Dan at the Homotopia Festival X National Museums Liverpool Takeover

What have been your greatest learnings with making money and supporting yourself as a creative?
Take the opportunities when they come and learn to be strong in how you discuss your fee with companies, galleries, organisations and so on, because they often do have the budget and no artist should be underpaid or working for free and ’paid with exposure’. I used to take on supplementary work to support my practice, but I would say doing this doesn’t make anyone any less of an artist. We’ve all got bills to pay and it’s an expensive world we live in, so we all have to do what’s best for ourselves!

“Learn to be firm when discussing your fee because commissioners often do have the budget. No artist should be underpaid or simply “paid” with exposure.”

How did you go about landing your first commission?
As a visual artist, my first commission was at university (I think in my first year?) – I saw a call out to exhibit in an amazing gallery and reached out to them to see if they were interested in my work.

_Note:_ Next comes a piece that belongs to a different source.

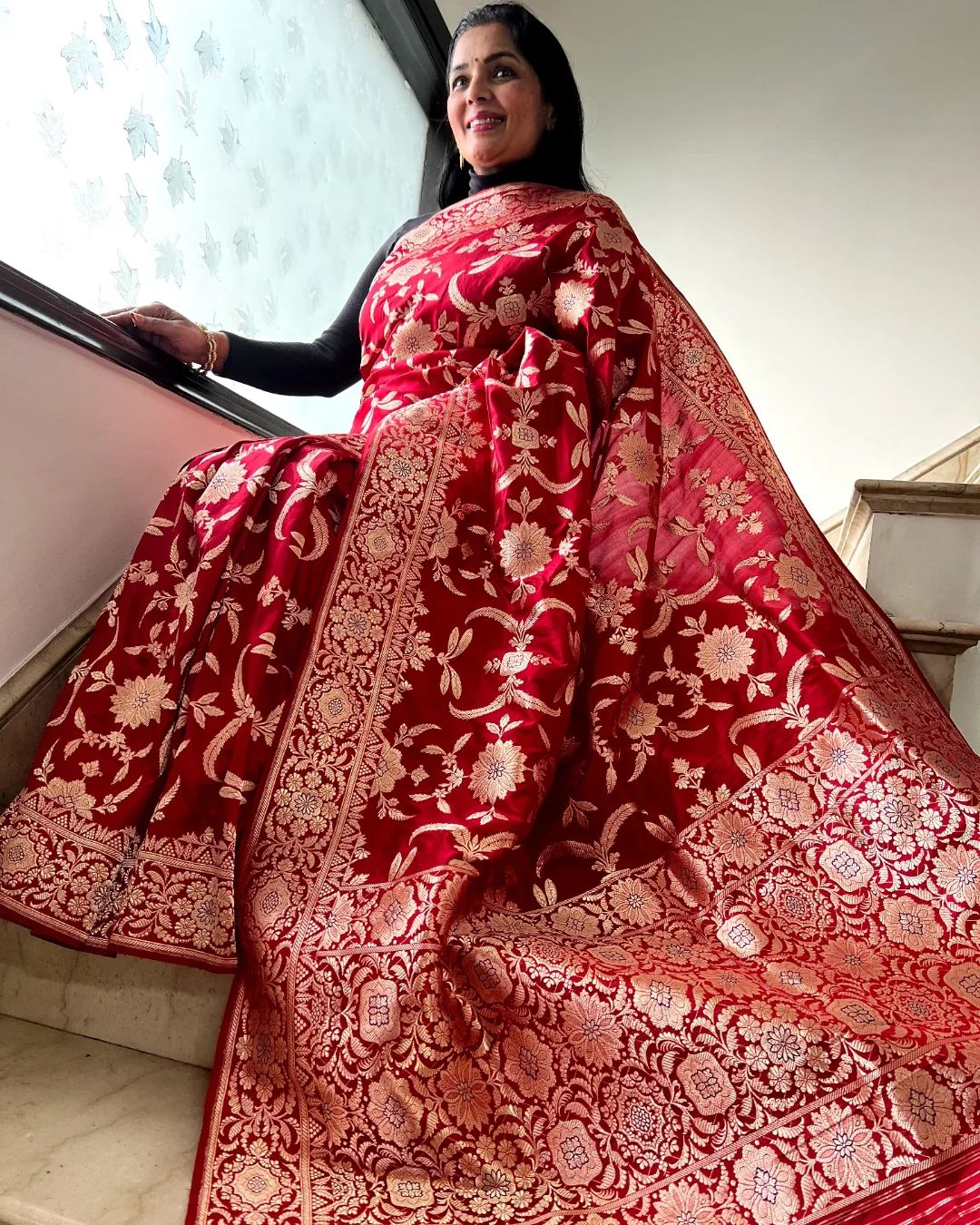 Wedding Wear Traditional Banarasi Soft Silk Saree
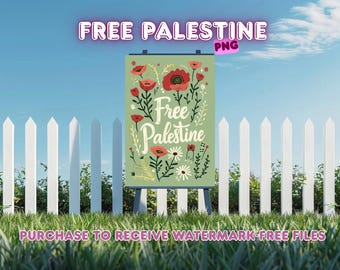 Free Palestine Shirt – Boho Palestine shirt, Protest Tee, Pro Palestine, Floral Free Palestine shirt, Activist Unisex T-Shirt ASV617-09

For my drag, I was working with a gallery to facilitate a workshop as part of my visual practice, and they had an event and asked if I wanted to perform so of course I said yes!

Don’t be scared of asking for opportunities, because the worst they can say is no, which is often a ’not right now’, and it’s a great chance to get some feedback on your work.

My advice

What’s the best career-related advice you’ve ever received?
Have ‘yes attitude’: saying yes to jobs, yes to going for a coffee to network and yes to new ideas and approaches to work – even if this is an internal conversation with yourself.

What advice would you give someone looking to get into a similar career?
Make connections with people in arts organisations, galleries, cabaret producers and so on, as these are the people who offer the work. It’s great to be making artwork and performances, but without these connections it would be very difficult to make this into a career.